L’Europe de l’automobile se divise en deux. D’un côté, des États comme l’Italie et l’Allemagne s’opposent à l’interdiction de vente des voitures essence et diesel en 2035, déjà revue à la baisse en décembre dernier avec un nouvel objectif de réduction des émissions ramené de 100 % à 90 %.
De l’autre, des pays comme le Danemark, la France, le Luxembourg, les Pays-Bas, le Portugal, l’Espagne et la Suède poussent pour que les concessions ne commercialisent que des voitures électriques. La demande est formulée noir sur blanc dans une lettre adressée à l’Union Européenne et publiée par l’AFP.
« Une nécessité pour notre sécurité énergétique »
Ce courrier intervient à une période compliquée, aussi bien pour l’automobile que pour le reste du monde. La succession de la pandémie et des guerres (d’abord en Ukraine, puis au Moyen-Orient, entre la bande de Gaza et l’Iran) a mis en lumière la dépendance de l’Europe aux sources d’énergie étrangères.

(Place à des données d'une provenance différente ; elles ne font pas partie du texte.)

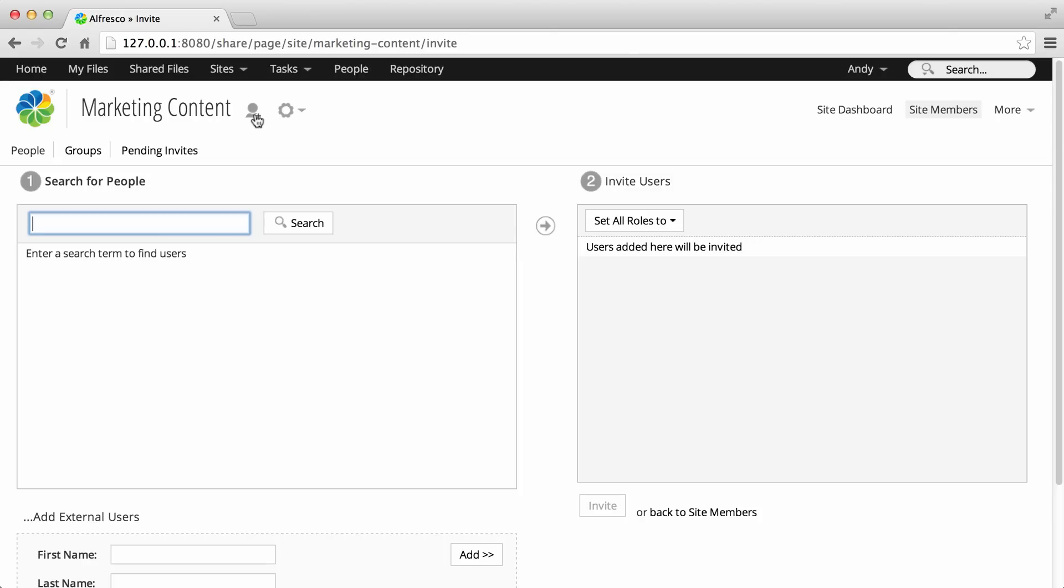In the search for people section, type the full or partial name of a user that you want to invite and click search.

« L’électrification – écrivent ainsi les sept États membres de l’UE – n’est pas seulement un objectif de politique climatique, mais aussi une nécessité pour notre sécurité énergétique ».
Chargeur d’une Renault Twingo Electric
Une brèche appelée à s’élargir ?
Pourtant, soulignent encore les signataires, Bruxelles a revu à la baisse ses plans sur la voiture électrique, en autorisant 10 % d’immatriculations de véhicules alimentés par des carburants traditionnels même après le milieu de la prochaine décennie, à condition d’être accompagnées de mesures de compensation, comme l’achat de crédits verts.

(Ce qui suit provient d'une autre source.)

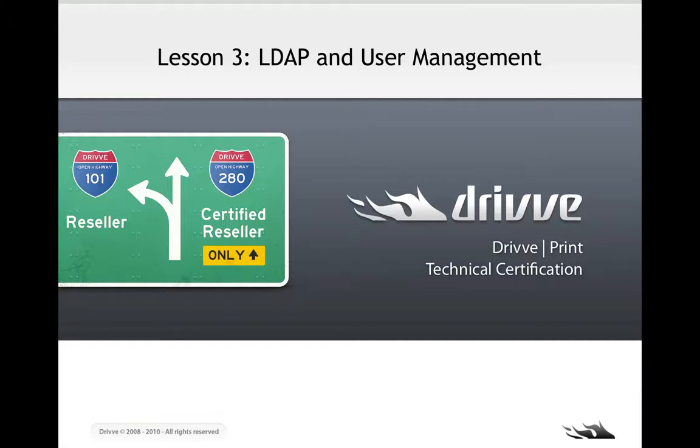Hello. This video is going to cover LDAP and user management. It's a part of Lesson 3, which is Mobility Manager and Basic Printer Setup.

La crainte est que le choix de l’exécutif européen constitue la première brèche d’une fracture plus large, susceptible de s’élargir jusqu’à permettre la vente de voitures essence et diesel indépendamment d’autres engagements écologiques, comme le demande le Parti populaire européen (PPE). La balle revient désormais aux institutions de l’UE.